We know Coldplay is a band, we know bands have events, we know events have times and places and we can again stitch all those things together in real time to augment the algorithm. Snapshot is only going to become more powerful over time as we do more and more of this integration.
The entity engine that we have currently has about three hundred and ten million objects in it right now. That being said, there are probably a hundred times that many entities in the actual planet, so we are aggressively building on it as fast as we can.
Eric Enge: What percentage of queries do you think you are addressing at this point?
Stefan Weitz: We are talking low numbers. You are not going to get a ton of the things here because they are scoped pretty much to restaurants, hotels, movies and events, people, and cars. They are all pretty high-frequency queries and you will see it, but you won’t see it for every query yet.
Eric Enge: What about sidebar?
Stefan Weitz:
What sidebar is doing is allowing you to more effectively bring offline behavior online. I can enter a query on Coldplay and have a section in the right rail called “friends who might know.”
In this case, we are looking at just Facebook friends and we are analyzing their public profiles, likes, shares, where they have lived, and photos. We are trying to see if any of these things give a hint, that potentially one of these people has information about your query.

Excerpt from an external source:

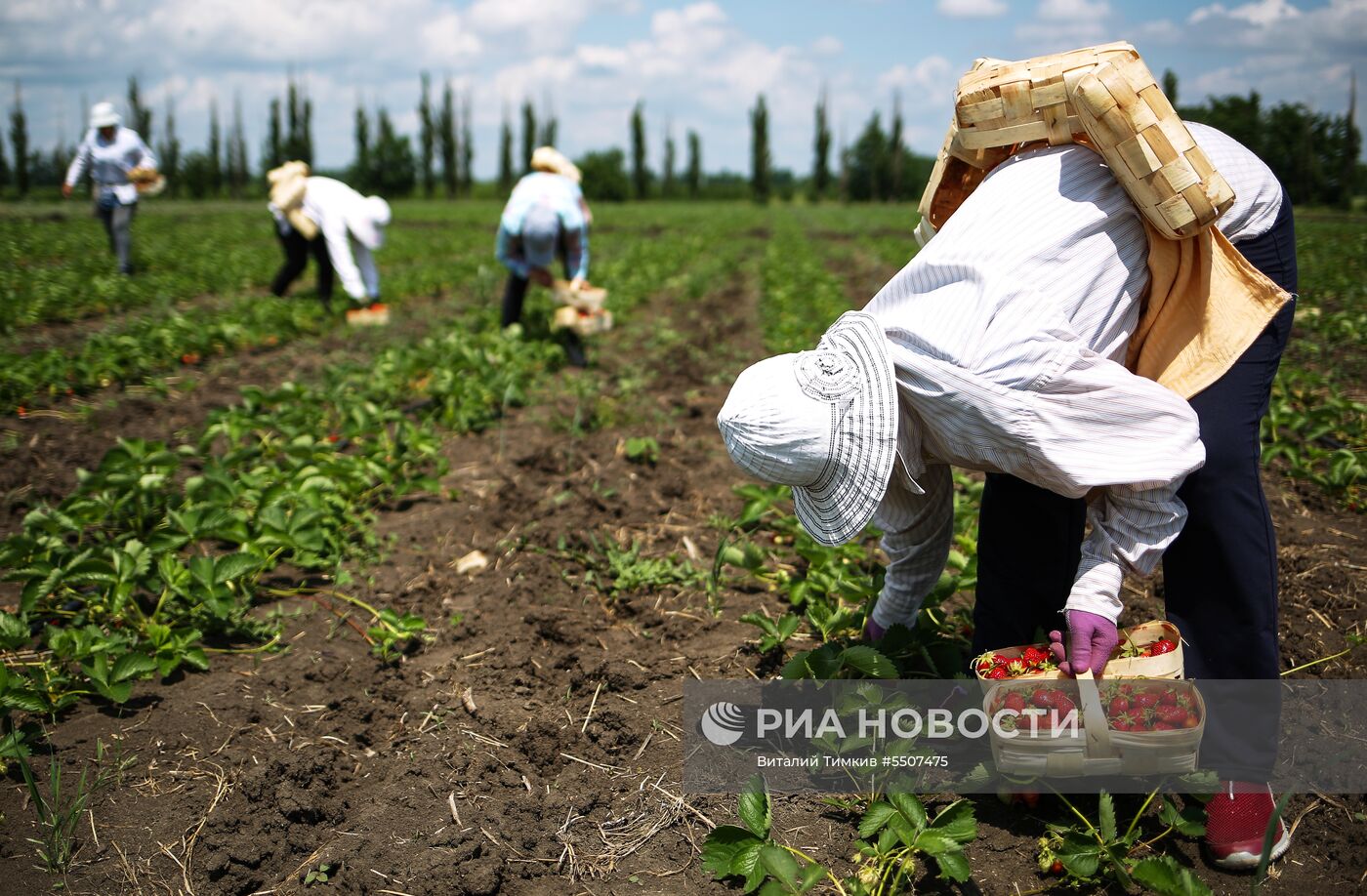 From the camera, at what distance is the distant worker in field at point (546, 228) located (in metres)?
5.80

The idea here is that I can literally now engage friends in conversations. I can go ahead and click on a friend and ask “hey, do you know when Coldplay’s new album is coming out?”
Eric Enge: You can pick who to ask which is nice.

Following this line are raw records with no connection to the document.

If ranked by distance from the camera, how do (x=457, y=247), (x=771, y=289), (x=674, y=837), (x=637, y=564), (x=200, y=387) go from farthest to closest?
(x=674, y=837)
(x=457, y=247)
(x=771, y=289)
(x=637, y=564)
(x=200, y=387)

Stefan Weitz: Yes. What is cool here is that that it will go out to Facebook, onto my wall, and all my friends will see it in their news feed, and the friends that I ask will receive the question as a message. As they answer my question, if I hover over in the activity feed, I will see their answers.

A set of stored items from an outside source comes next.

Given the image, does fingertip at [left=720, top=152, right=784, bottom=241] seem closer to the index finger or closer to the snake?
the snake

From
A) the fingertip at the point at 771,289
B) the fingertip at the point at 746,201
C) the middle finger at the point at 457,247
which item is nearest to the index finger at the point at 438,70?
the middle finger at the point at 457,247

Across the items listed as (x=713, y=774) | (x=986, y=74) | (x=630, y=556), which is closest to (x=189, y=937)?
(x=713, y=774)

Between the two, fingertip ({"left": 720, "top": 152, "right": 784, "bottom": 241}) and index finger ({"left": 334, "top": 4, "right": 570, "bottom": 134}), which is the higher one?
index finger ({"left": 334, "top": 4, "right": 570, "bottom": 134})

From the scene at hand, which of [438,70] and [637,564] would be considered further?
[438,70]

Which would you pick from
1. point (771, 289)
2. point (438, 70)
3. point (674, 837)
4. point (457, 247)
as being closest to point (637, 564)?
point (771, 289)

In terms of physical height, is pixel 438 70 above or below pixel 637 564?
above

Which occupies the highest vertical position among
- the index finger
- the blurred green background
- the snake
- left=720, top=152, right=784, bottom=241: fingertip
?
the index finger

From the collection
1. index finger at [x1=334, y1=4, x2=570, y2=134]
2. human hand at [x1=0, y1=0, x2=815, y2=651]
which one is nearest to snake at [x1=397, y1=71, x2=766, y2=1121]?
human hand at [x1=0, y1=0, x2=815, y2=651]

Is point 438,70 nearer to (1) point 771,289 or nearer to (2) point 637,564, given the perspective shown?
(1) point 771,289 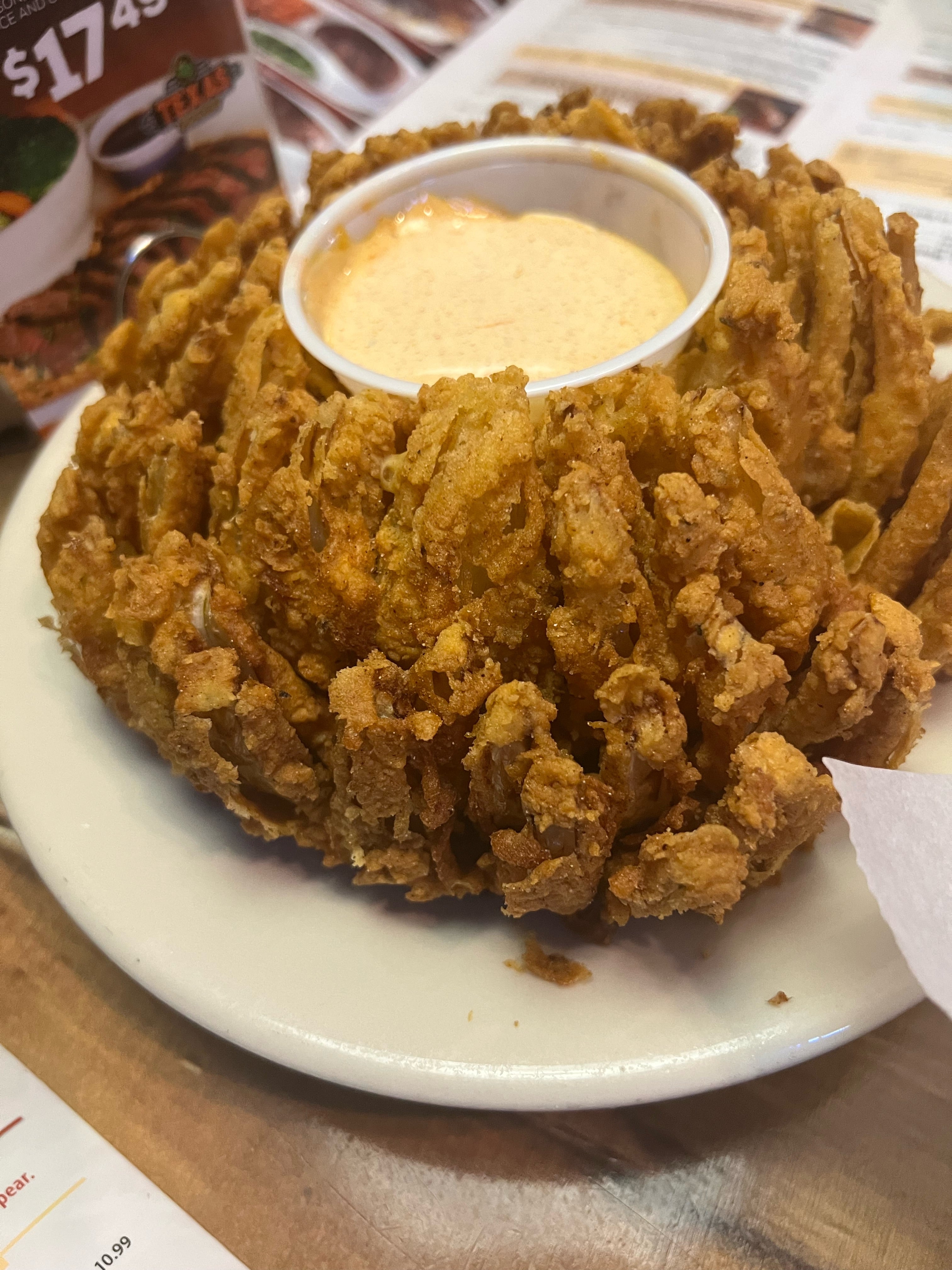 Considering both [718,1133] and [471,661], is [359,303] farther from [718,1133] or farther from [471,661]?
[718,1133]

The other piece in sidebar is called “people who know.” In many queries, you may end up with no friends that know anything about what it is you are querying on. We want to invoke the wider web and we want to actually utilize data and social data from across the wider web to get you information on your query.
We can actually find Coldplay’s official Google Plus profile and put it there. Now you don’t have to know this person obviously, but it enables us to actually look across a number of different social data sources and attempt to find expertise and influence for those topics. In this case we think the Coldplay Google Plus page is the best page for that.
Eric Enge: Now presumably I won’t be able to message them directly because we are not yet connected, right?
Stefan Weitz: You can’t message them directly, no.
Eric Enge: Right. That makes sense of course because otherwise you would be flooding all these people with all kinds of communications and that would be ugly.
Stefan Weitz: Exactly, here is a cool example that really highlights the power of combining those two:
For San Francisco Italian restaurants, I may not have any friends who have any opinions about them. But, look what has happened.
Bing has literally gone out and found people who have blogs and Twitter accounts that we think are influential about San Francisco Bay Area Italian restaurants. I can also literally scroll down and see people’s reviews on Italian restaurants in San Francisco.
Suddenly, I go from a lot of pages and links to nouns, to one where Bing is able to find a small blogger in San Francisco called FoodNut who happens to have data about San Francisco Italian restaurant entities. It is a fundamental shift in search.
Eric Enge: What are the social networks you support?
Stefan Weitz: We are currently working with Facebook, Twitter, Quora, LinkedIn, Foursquare, Google+ and Blogger. Our goal is to make this right rail, the right sidebar, the most inclusive area for social activity on the web. Four Square check-ins may actually be more interesting for me when I am looking for good seafood in Boston There is a bunch of cool stuff that we are going to enable in that right sidebar as we incorporate more of the social data in.
Another example is Windows 8. I can see people who know about Windows 8. Here I get Paul, I get Mary Joe and their Twitter accounts.
I am seeing their actual tweets about Windows 8 and a set of reviews.
Eric Enge: Right.
Stefan Weitz: It is focused on understanding the real world that we live in and helping to do things in that. It is focused on connecting people to those queries and letting you engage with those people in a way that helps you do things and it builds your network.
Eric Enge: Very cool. I imagine you have done some live user testing with this?
Stefan Weitz: Thousands of tests were run on the left-hand side on the new page (from fonts to color to spacing to caption lengths.)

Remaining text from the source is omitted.